背景:DNA 甲基化(DNAm)与儿童和成人的实际年龄以及新生儿的胎龄(GA)密切相关。由于这一特性,人们开发出了几种能准确预测儿童和成人生理年龄和胎龄的表观遗传时钟。然而,不同表观遗传时钟的预测性 CpGs 缺乏重叠,这一点仍然难以捉摸。因此,我们的主要目的是鉴定和描述能稳定预测 GA 的 CpGs:我们对挪威母亲、父亲和儿童队列研究(Norwegian Mother, Father, and Child Cohort study)中2138名新生儿的DNAm数据采用了一种名为 "稳定性选择"(stability selection)的统计方法。稳定性选择将子取样与变量选择相结合,以限制所选变量集中的错误发现数量。结果发现有 24 个 CpGs 可稳定地预测 GA。耐人寻味的是,在以前的 GA 时钟中,只有高达 10% 的 CpGs 被发现是稳定选择的。基于这些结果,我们使用广义加性模型回归法开发了一个仅由五个 CpGs 组成的新的 GA 时钟,其预测性能与以前的 GA 时钟相似(R2 = 0.674,中位绝对偏差 = 4.4 天)。这些 CpGs 位于或靠近涉及免疫反应、新陈代谢和发育过程的基因和调控区域。此外,非线性关联的考虑提高了早产新生儿的预测性能:我们提出了一种特征选择方法框架,它广泛适用于任何可通过 DNAm 数据预测的性状。我们通过识别对 GA 有高度预测作用的 CpGs 证明了这一方法的实用性,并提出了一种仅基于五个 CpGs 的新型高性能 GA 时钟,该时钟更适合临床环境。
本文章由计算机程序翻译,如有差异,请以英文原文为准。
Stability selection enhances feature selection and enables accurate prediction of gestational age using only five DNA methylation sites.

Background: DNA methylation (DNAm) is robustly associated with chronological age in children and adults, and gestational age (GA) in newborns. This property has enabled the development of several epigenetic clocks that can accurately predict chronological age and GA. However, the lack of overlap in predictive CpGs across different epigenetic clocks remains elusive. Our main aim was therefore to identify and characterize CpGs that are stably predictive of GA.

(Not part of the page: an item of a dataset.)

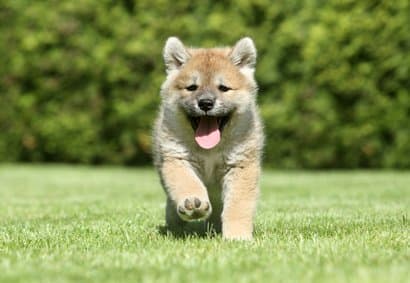 Shiba inu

Results: We applied a statistical approach called 'stability selection' to DNAm data from 2138 newborns in the Norwegian Mother, Father, and Child Cohort study. Stability selection combines subsampling with variable selection to restrict the number of false discoveries in the set of selected variables. Twenty-four CpGs were identified as being stably predictive of GA. Intriguingly, only up to 10% of the CpGs in previous GA clocks were found to be stably selected. Based on these results, we used generalized additive model regression to develop a new GA clock consisting of only five CpGs, which showed a similar predictive performance as previous GA clocks (R2 = 0.674, median absolute deviation = 4.4 days). These CpGs were in or near genes and regulatory regions involved in immune responses, metabolism, and developmental processes. Furthermore, accounting for nonlinear associations improved prediction performance in preterm newborns.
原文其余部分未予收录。